**Chapitre 18 : L’Asservissement (pas ce genre-là)**
Je m’éveillai quelque temps plus tard. La première chose que je remarquai en reprenant conscience fut qu’Orchid ne m’enveloppait pas comme à son habitude. Cela faisait près de six ans que cela ne s’était pas produit, aussi fus-je légèrement inquiet. En regardant autour de la pièce, je compris pourquoi : Orchid se tenait entre mon épée flottante et moi. Elle semblait sur ses gardes, et je comprenais aisément pourquoi.
La Reine d’une autre ruche avait survécu à sa transformation en biomasse, survécu à plus de 75 000 ans dans cet état, et, pour couronner le tout, survécu à sa création en tant qu’arme. On dit que les insectes peuvent survivre à des retombées nucléaires, mais ceci était cent fois plus impressionnant.
Levant les yeux vers Jewel, je demandai :
— Alors, quel est le plan ? Mon épée va-t-elle être détruite ? Et comment, au nom de tout ce qui est Psionique, l’autre reine a-t-elle pu survivre ainsi ?
— Voici plusieurs bonnes questions, mon Apollo. D’après mes souvenirs passés contre ma rivale, elle possédait un pouvoir psionique spécial qui lui permettait de prendre instantanément le contrôle total d’une autre forme biologique. Elle combattait en première ligne, et lorsque mes corps la dévoraient, la biomasse devenait inutile. Ce n’est qu’après avoir détruit chacune de ses formes biologiques que j’ai réussi à la tuer.
Je n’ai jamais obtenu son pouvoir psionique unique en la dévorant, et il semble que je comprenne maintenant pourquoi. Elle peut même survivre en devenant pure biomasse, son esprit psionique caché au plus profond de chaque atome. Vraiment impressionnant.
Écouter l’explication de Jewel sur les capacités de la reine rivale était choquant. Les pouvoirs psioniques prennent vraiment toutes les formes. La capacité de la reine rivale frisait l’immortalité, tant qu’un morceau d’elle ou de son ancienne ruche existait.
— Quant à la destruction de l’épée.
Jewel tourna la tête de sorte que sa plaque faciale « fixât » la reine-devenue-épée.
— Je peux sentir que, durant la forge psionique, notre amour pour toi a été accidentellement gravé dans l’épée. Ainsi, elle ne représente aucune menace pour toi, et elle peut donc vivre.
— POUR L’INSTANT.
Elle s’adressa à l’épée, qui frémit dans les airs.
Je m’approchai d’Orchid et caressai son dos, provoquant un petit sursaut de surprise.
— Du calme, ma chère, tu as entendu Jewel. Mon épée est aussi obsédée par moi que le reste d’entre vous.

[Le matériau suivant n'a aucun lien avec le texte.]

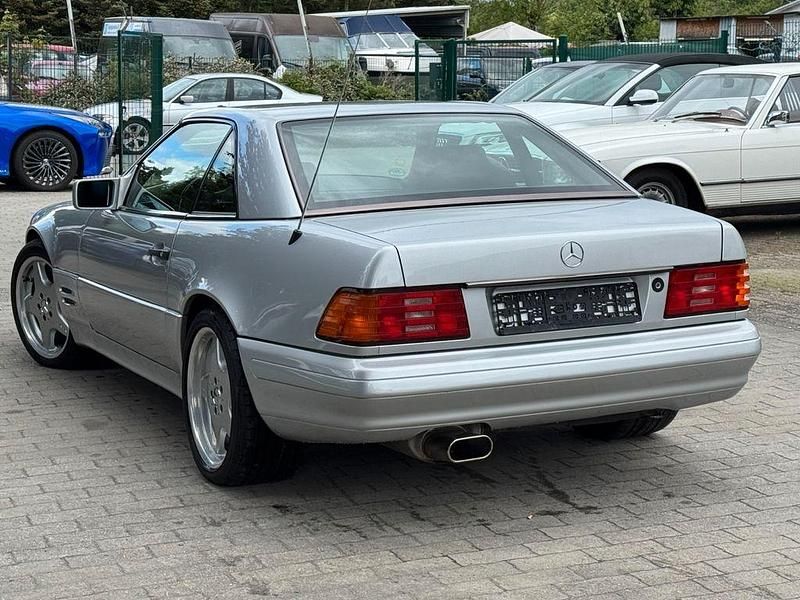 Second-hand Mercedes SL320 231 CP (169 kW) 1994 Argintiu Cabrio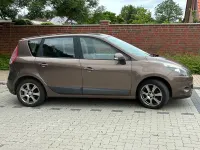 Gebraucht Renault Grand Scénic III Expression 110 PS (80 kW) 2010 Braun Van / Kleinbus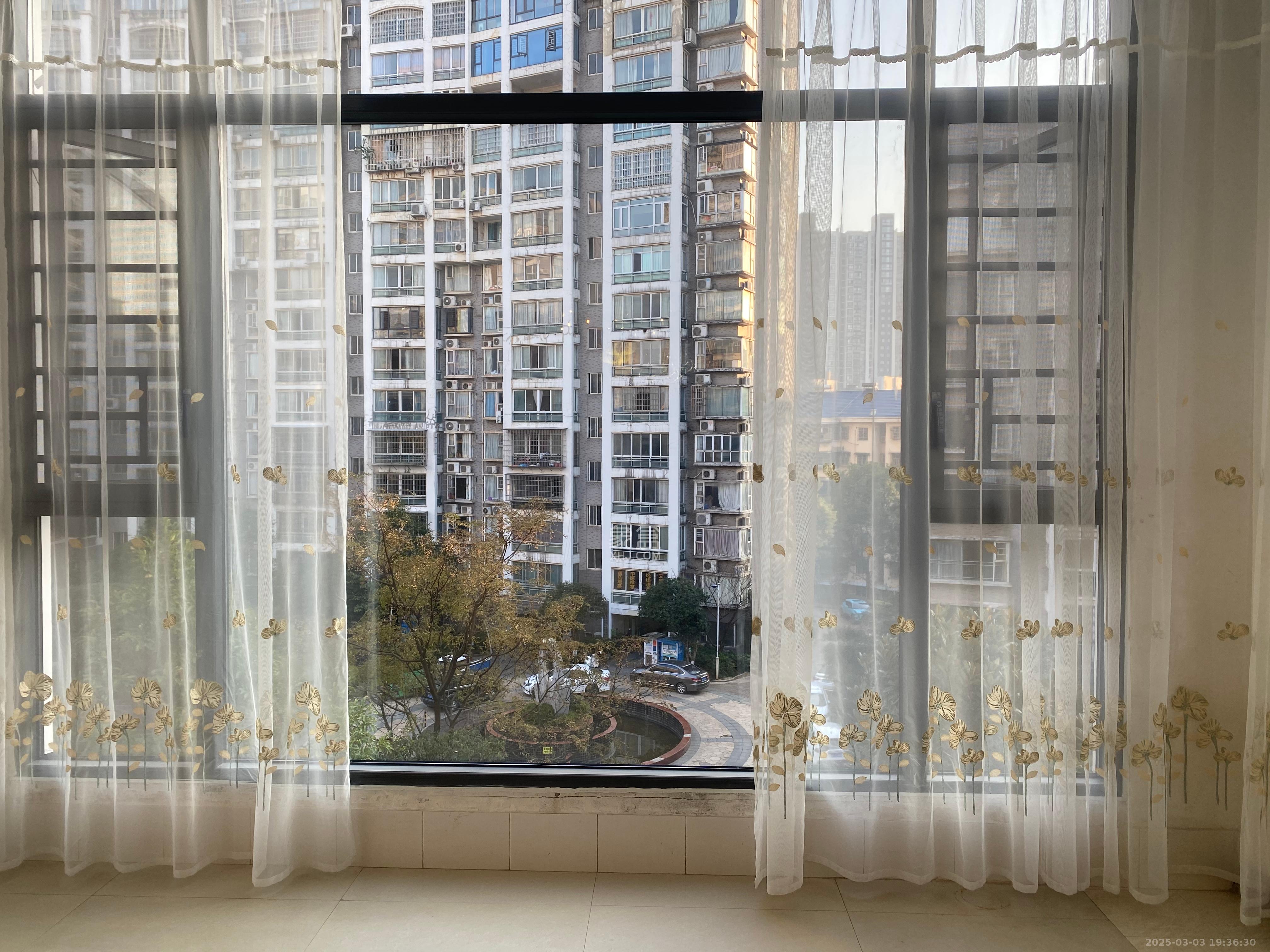 中建桂苑  3室2厅2卫   2000.00元/月室内图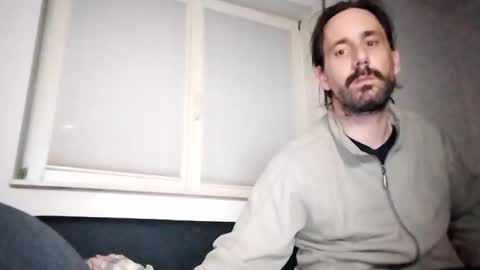 Snapshot of hmuench85 chatting on January 5, 6:13 pm H online show from January 5, 6:13 pm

Orchid abaissa à contrecœur sa garde. Debout devant mon épée, je me demandai :
— Donc, un être pleinement conscient se trouve à l’intérieur de mon épée ?
Je ne sais pas si c’est cool ou non.
Même après tout ce temps, oubliant que j’avais essentiellement plus d’une personne dans ma tête à tout moment, Jewel répondit :
— Bien que j’aie dit que mon ancienne rivale était encore en vie, être biomasse pendant 75 000 ans a ses inconvénients. Ses fonctions mentales se sont grandement détériorées. Il ne reste plus que l’intention, l’émotion et l’instinct.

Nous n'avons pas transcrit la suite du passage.